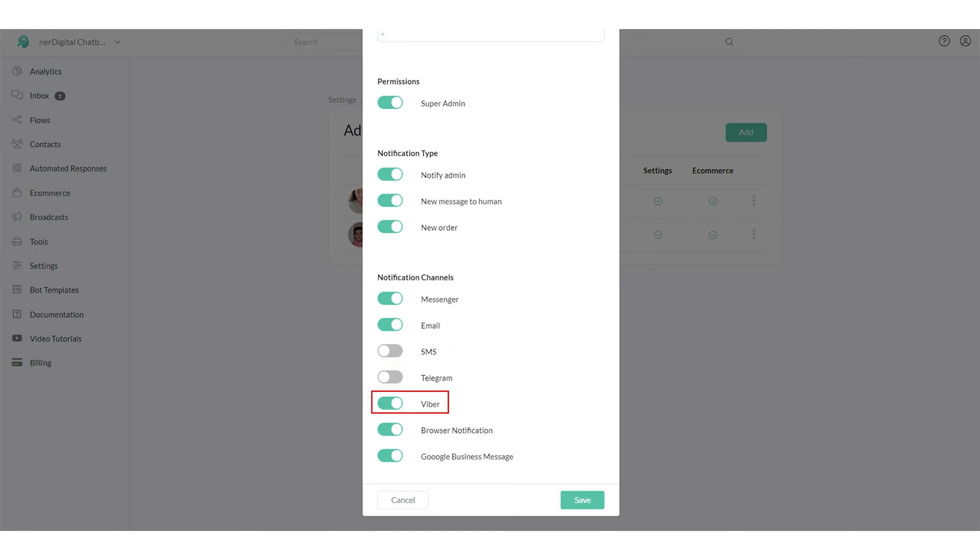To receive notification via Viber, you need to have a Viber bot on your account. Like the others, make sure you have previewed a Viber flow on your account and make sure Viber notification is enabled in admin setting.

################

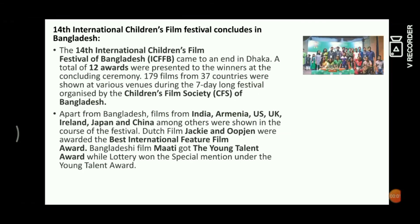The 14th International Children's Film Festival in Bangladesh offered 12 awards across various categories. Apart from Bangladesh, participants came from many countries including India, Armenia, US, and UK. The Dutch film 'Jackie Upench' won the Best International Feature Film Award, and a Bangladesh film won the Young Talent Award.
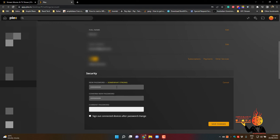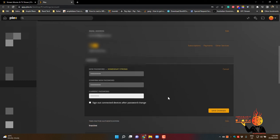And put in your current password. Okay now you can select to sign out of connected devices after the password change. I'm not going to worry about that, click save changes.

################

§ TASK ITEM:
Transcribe the lines above exactly, beginning at the one with "The 14th International" and ending at the one with "And put in your". Include both; exclude the pictures.

§ ANSWER FOR THE TASK:
The 14th International Children's Film Festival in Bangladesh offered 12 awards across various categories. Apart from Bangladesh, participants came from many countries including India, Armenia, US, and UK. The Dutch film 'Jackie Upench' won the Best International Feature Film Award, and a Bangladesh film won the Young Talent Award.
And put in your current password. Okay now you can select to sign out of connected devices after the password change. I'm not going to worry about that, click save changes.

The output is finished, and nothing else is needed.